Exercise instructions. Pick out the lines below that contain the string "Hoodie" and copy them all.

Data shown.
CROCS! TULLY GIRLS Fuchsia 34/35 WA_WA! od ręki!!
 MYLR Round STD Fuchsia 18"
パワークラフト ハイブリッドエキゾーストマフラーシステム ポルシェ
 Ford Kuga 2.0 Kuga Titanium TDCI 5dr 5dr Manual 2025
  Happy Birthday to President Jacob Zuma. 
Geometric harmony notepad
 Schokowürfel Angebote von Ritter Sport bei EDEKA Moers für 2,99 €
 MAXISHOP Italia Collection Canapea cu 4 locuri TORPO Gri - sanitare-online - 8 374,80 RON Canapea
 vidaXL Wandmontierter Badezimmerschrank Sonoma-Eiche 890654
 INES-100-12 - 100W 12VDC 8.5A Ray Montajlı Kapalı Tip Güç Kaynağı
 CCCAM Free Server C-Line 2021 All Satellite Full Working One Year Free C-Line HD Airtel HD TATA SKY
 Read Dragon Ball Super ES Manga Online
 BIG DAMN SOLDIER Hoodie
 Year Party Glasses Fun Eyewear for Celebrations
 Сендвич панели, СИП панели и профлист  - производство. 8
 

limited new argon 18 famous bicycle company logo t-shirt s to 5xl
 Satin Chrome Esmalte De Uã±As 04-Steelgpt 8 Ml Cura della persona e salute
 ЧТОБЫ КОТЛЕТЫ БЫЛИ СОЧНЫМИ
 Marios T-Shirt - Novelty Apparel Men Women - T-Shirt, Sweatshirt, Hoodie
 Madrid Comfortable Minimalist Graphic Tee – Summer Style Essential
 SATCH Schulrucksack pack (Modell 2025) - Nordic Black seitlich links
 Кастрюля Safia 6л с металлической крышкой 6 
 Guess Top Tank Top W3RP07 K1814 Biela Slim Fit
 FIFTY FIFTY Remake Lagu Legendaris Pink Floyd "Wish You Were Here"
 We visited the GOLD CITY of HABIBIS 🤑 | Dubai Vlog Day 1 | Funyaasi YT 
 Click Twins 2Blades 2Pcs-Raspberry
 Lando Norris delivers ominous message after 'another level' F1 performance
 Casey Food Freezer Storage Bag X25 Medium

Completed exercise.
 BIG DAMN SOLDIER Hoodie
 Marios T-Shirt - Novelty Apparel Men Women - T-Shirt, Sweatshirt, Hoodie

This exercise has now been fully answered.